En Europe, par contre, ils se donnaient pour les champions d'une stricte orthodoxie,
luttant sans merci contre le protestantisme et pour le triomphe des orgueilleuses
prétentions du pontife romain.
Afin de centraliser les résultats obtenus par les missionnaires et de
leur imposer les vues que lui dictait son ambition, Grégoire XV fonda en 1622
la Congrégation de la propagande, de propaganda fide. Cette institution
subsiste toujours ; elle est devenue l'un des rouages essentiels de
l'administration papale. Plusieurs cardinaux la dirigent, assistés d'un
personnel nombreux ; elle dispose de ressources formidables, l'or drainé dans
l'univers entier, sous prétexte de missions, aboutissant à ses coffres-forts.
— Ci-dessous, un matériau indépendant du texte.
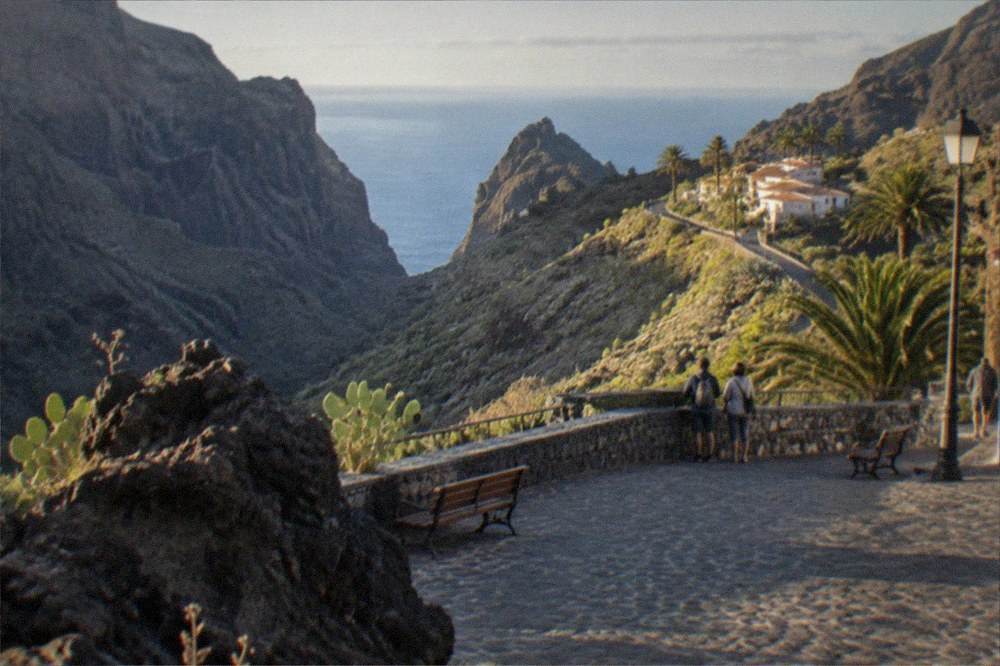 A stone seafront square beside dark lava rock formations along a small coastal town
De là partent des instructions impératives à destination des pays les plus
reculés, car, pour les bureaucrates du Vatican, le monde catholique n'est qu'un
vaste échiquier dont ils manoeuvrent les pions au gré des intérêts politiques
et financiers du saint-père. La Congrégation de la Propagande possède une
imprimerie capable d'éditer des livres et brochures dans plus de cinquante langues
; pour avoir des fonctionnaires dociles, elle a fait construire un collège où
sont formés de futurs missionnaires. Un décret de Clément XI, en 1707, obligea
d'ailleurs les supérieurs d'ordres religieux à destiner un certain nombre de leurs
sujets aux missions lointaines. Aussi toutes les congrégations quelque peu importantes
d'hommes et même de femmes possèdent-elles des succursales dans les pays qui
échappent à la domination du catholicisme romain. Les Lazaristes, dont la création
remonte à Vincent de Paul, puis le Séminaire des Missions Étrangères de Paris,
qui date de 1663, donnèrent une impulsion nouvelle à l'oeuvre des missions. De
nombreuses congrégations, nées depuis, surtout au XIXème siècle, ont associé leurs
efforts à ceux des ordres anciens : Rédemptoristes, Marianites, Maristes, Picpusiens,
Oblats de Marie, Assomptionistes, Salésiens, Pères du Saint-Esprit, Pères
Blancs, etc. D'abondants subsides leur sont fournis par l'oeuvre de la Propagation
de la Foi, commencée il Lyon vers 1804 et officiellement approuvée en 1822, par
l'oeuvre de la Sainte Enfance, par le produit de quêtes périodiquement renouvelées
et aussi par maints gouvernements occidentaux, Dans certaines régions, les
missionnaires ont acquis d'immenses domaines, même des fabriques ; et, comme ils
donnent aux travailleurs indigènes un salaire de famine, leurs bénéfices
annuels atteignent des chiffres prodigieux. Malheur à leurs locataires s'ils
paient tardivement, dans les ports d'Extrême-Orient dont ils possèdent, en
notable partie, les magasins et les maisons ! C'est à des milliards que
s'élève, en Afrique, la fortune des Pères Blancs et des autres missionnaires.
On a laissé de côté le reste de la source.